§ Data records:
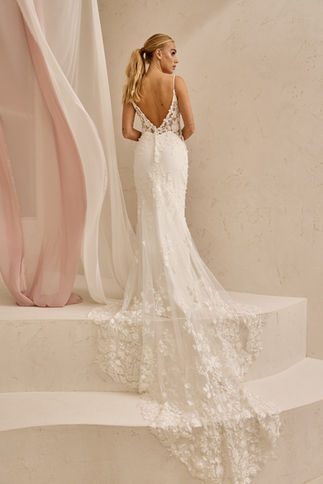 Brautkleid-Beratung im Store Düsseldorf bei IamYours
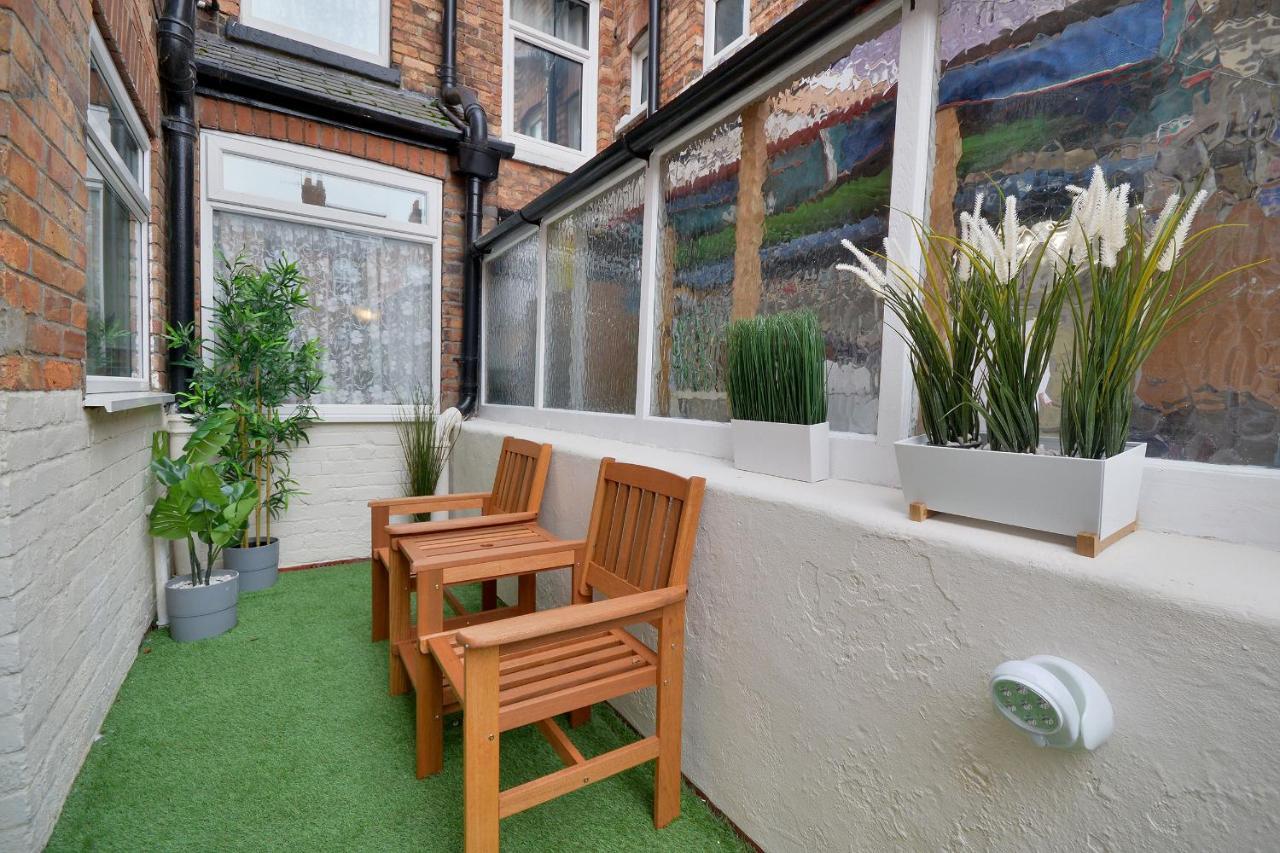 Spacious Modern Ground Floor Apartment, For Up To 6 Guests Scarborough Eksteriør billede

* * *

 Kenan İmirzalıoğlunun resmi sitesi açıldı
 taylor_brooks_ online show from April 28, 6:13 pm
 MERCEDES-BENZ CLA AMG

==

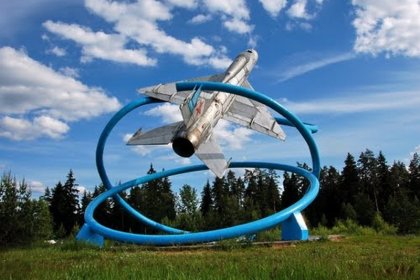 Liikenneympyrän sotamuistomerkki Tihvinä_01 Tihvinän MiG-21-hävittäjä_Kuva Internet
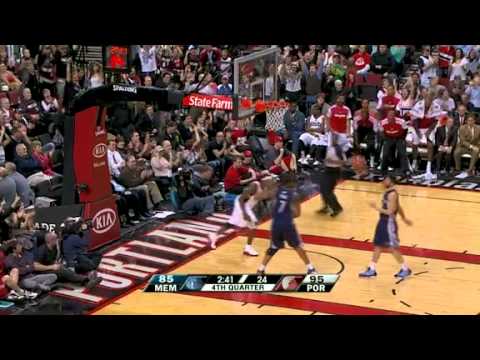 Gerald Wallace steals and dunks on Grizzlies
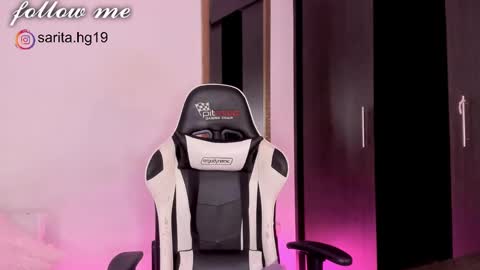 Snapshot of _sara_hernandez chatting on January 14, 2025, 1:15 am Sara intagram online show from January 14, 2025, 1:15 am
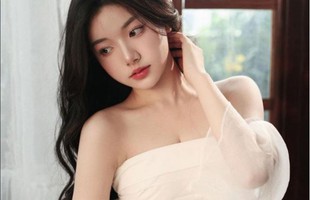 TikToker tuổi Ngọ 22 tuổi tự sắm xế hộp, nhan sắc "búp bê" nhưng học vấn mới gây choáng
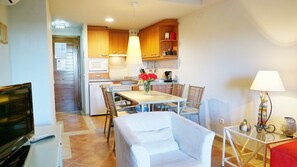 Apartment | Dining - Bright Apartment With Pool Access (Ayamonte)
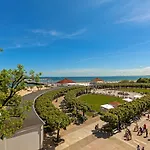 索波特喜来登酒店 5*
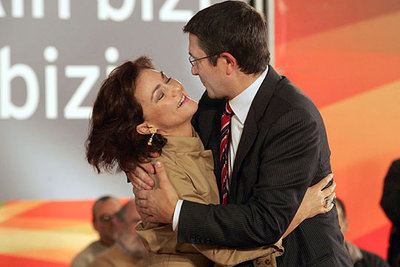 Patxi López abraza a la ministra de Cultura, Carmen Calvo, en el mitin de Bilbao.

§ Your goal: Although the records above contain pictures, the copy must not; set down exactly the lines from the one with "Liikenneympyrän sotamuistomerkki Tihvinä_01" up to and including the one with "Patxi López abraza".

§ Solution to this task:
 Liikenneympyrän sotamuistomerkki Tihvinä_01 Tihvinän MiG-21-hävittäjä_Kuva Internet
 Gerald Wallace steals and dunks on Grizzlies
 Snapshot of _sara_hernandez chatting on January 14, 2025, 1:15 am Sara intagram online show from January 14, 2025, 1:15 am
 TikToker tuổi Ngọ 22 tuổi tự sắm xế hộp, nhan sắc "búp bê" nhưng học vấn mới gây choáng
 Apartment | Dining - Bright Apartment With Pool Access (Ayamonte)
 索波特喜来登酒店 5*
 Patxi López abraza a la ministra de Cultura, Carmen Calvo, en el mitin de Bilbao.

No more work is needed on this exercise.